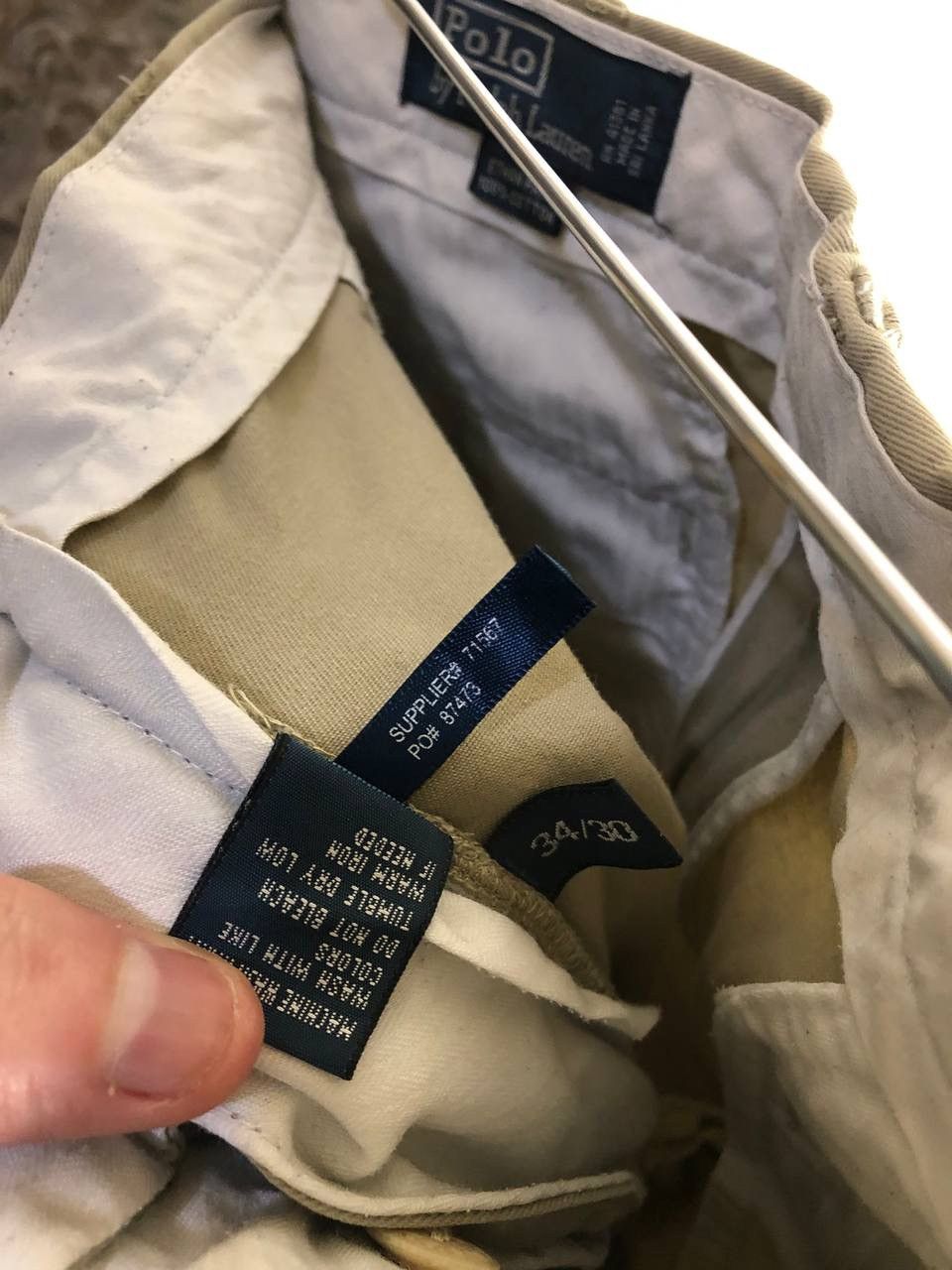 Polo Ralph Lauren VINTAGE POLO RALPH LAUREN CHINO PANTS RETRO DELUX Y2K 90s Size US 34 / EU 50 - 4 Thumbnail
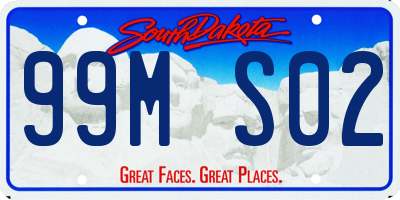 SD license plate 99MS02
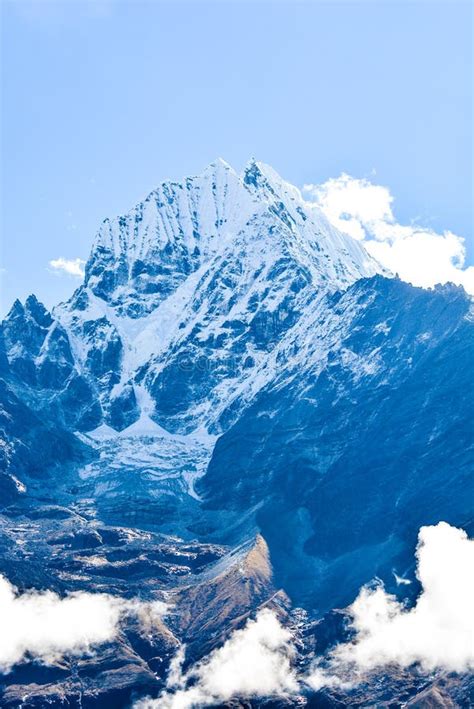 Mount Everest and Kathmandu Stock Image - Image of remote, mountains ...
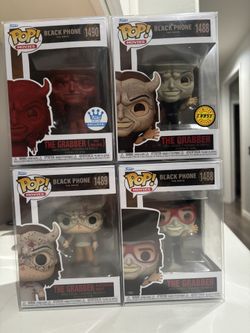 Black Phone Funko Pop Bundle (4x Pops!!) 
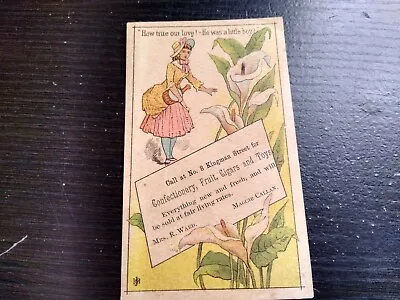 HJB Mrs. R Ward Maggie Callan N.8 Kinsman Street Fruit Cigar Toys Trade Card • $16.96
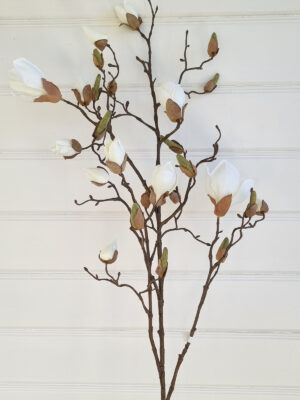 Vit konstgjord magnolia lång. Besök blickfång.se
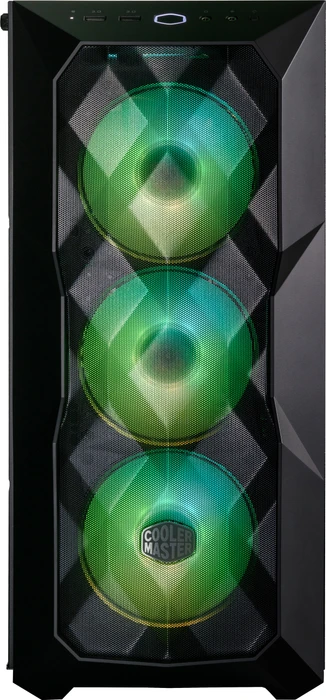 Cooler Master MasterBox TD500 Mesh ARGB, schwarz, ohne RGB-Controller, Glasfenster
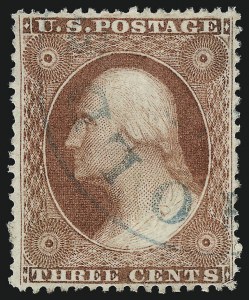 Sale 1040, Lot 1233, 1c-3c 1857-60 Issue (Scott 18-26A)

--*--

Task →
Starting at the line above that has "SD license plate 99MS02" and ending at the line that has "Vit konstgjord magnolia", copy each line exactly, leaving the pictures out and adding nothing.

Exercise result →
 SD license plate 99MS02
 Mount Everest and Kathmandu Stock Image - Image of remote, mountains ...
 Black Phone Funko Pop Bundle (4x Pops!!) 
 HJB Mrs. R Ward Maggie Callan N.8 Kinsman Street Fruit Cigar Toys Trade Card • $16.96
 Vit konstgjord magnolia lång. Besök blickfång.se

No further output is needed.